As soon as the weather would permit, she crossed to Holyhead, and proceeded to Shrewsbury as fast as she could find conveyances. There she met with a letter from Mr. Siddons, acknowledging Sally's danger, and affectionately sharing her parental feelings: but also praying her to remember the preciousness of her own life, and not to endanger it by over-rapid travelling. Only an hour or two after this letter had been written, her daughter's sufferings had come suddenly to a close; and, while she was reading it, a person recently arrived from

London sent to call Miss Wilkinson out of the room, and to tell her that Miss Siddons was dead. Her faithful friend would have fain broken the news upon Mrs. Siddons gradually, but her countenance betrayed her; and the bereaved mother, having now no occasion for rapid travelling, sank into speechless despondency, and lay for a day at Shrewsbury (Miss Wilkinson says, in her Diary), cold and torpid as a stone, and with scarcely a sign of life.

She proceeded at last on her journey to London. At Oxford she found a condoling letter awaiting her from her brother John; and a few miles from town she was met by her brother Charles, who accompanied her next day on her first visit to their widowed mother. The agitation of her mind produced a severe indisposition, for which the air and waters of Cheltenham were recommended. From that place she dates the following letter to Mrs. Fitz Hugh.
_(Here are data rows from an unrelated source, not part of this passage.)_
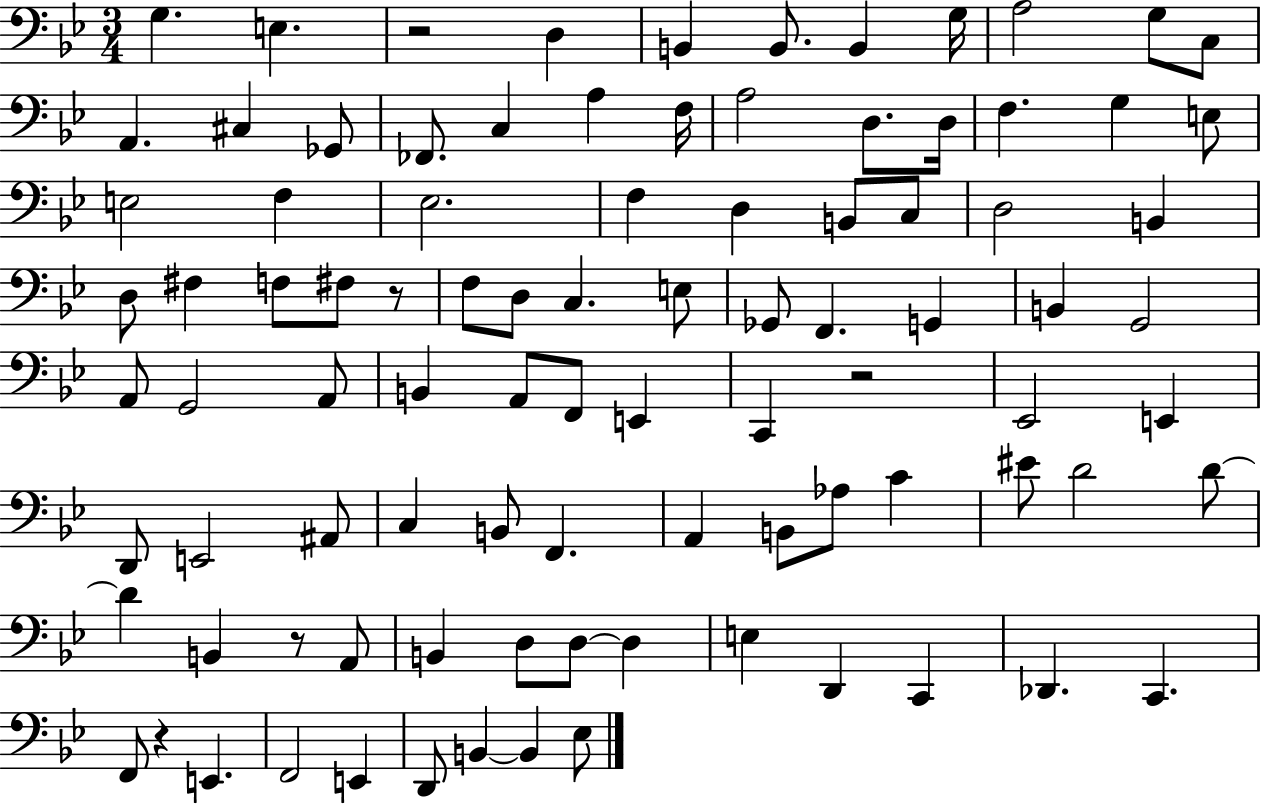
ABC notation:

X:1
T:Untitled
M:3/4
L:1/4
K:Bb
G, E, z2 D, B,, B,,/2 B,, G,/4 A,2 G,/2 C,/2 A,, ^C, _G,,/2 _F,,/2 C, A, F,/4 A,2 D,/2 D,/4 F, G, E,/2 E,2 F, _E,2 F, D, B,,/2 C,/2 D,2 B,, D,/2 ^F, F,/2 ^F,/2 z/2 F,/2 D,/2 C, E,/2 _G,,/2 F,, G,, B,, G,,2 A,,/2 G,,2 A,,/2 B,, A,,/2 F,,/2 E,, C,, z2 _E,,2 E,, D,,/2 E,,2 ^A,,/2 C, B,,/2 F,, A,, B,,/2 _A,/2 C ^E/2 D2 D/2 D B,, z/2 A,,/2 B,, D,/2 D,/2 D, E, D,, C,, _D,, C,, F,,/2 z E,, F,,2 E,, D,,/2 B,, B,, _E,/2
"Birch Farm, Cheltenham, June, 1803. "The serenity of the place, the sweet air and scenery of my cottage, and the medicinal effect of the waters, have done some good to my shattered constitution.

* * *

"I am unable, at times, to reconcile myself to my fate. The darling being for whom I mourn is assuredly released from a life of suffering, and numbered among the blessed spirits made perfect. But to be separated for ever, in spite of reason and in spite of religion, is at times too much for me. Give my love to dear Charles Moore,* if you chance to see him. Have you read his beautiful account of my sweet Sally. It is done with a truth and modesty which has given me the sincerest of all pleasures that I am now allowed to feel, and assures me still more than ever that he who could feel and taste such excellence, was worthy of the particular regard she had for him.

"Yours very truly,

"S. S."

*To Charles Moore, the brother of General Sir John Moore, I was indebted for my introduction to the acquaintance of Mrs. Siddons and her daughter. I shall never forget the first meeting I had with him after Miss Siddons's death; it was accidentally in the street: he shook hands with me, but could not speak. He gave me his arm, however, and we walked together to his chambers, where he showed me a bust of Sally Siddons. It scarcely did her justice, to my remembrance. She was not strictly beautiful, but her countenance was like her mother's, with brilliant eyes, and a remarkable mixture of frankness and sweetness in her physiognomy.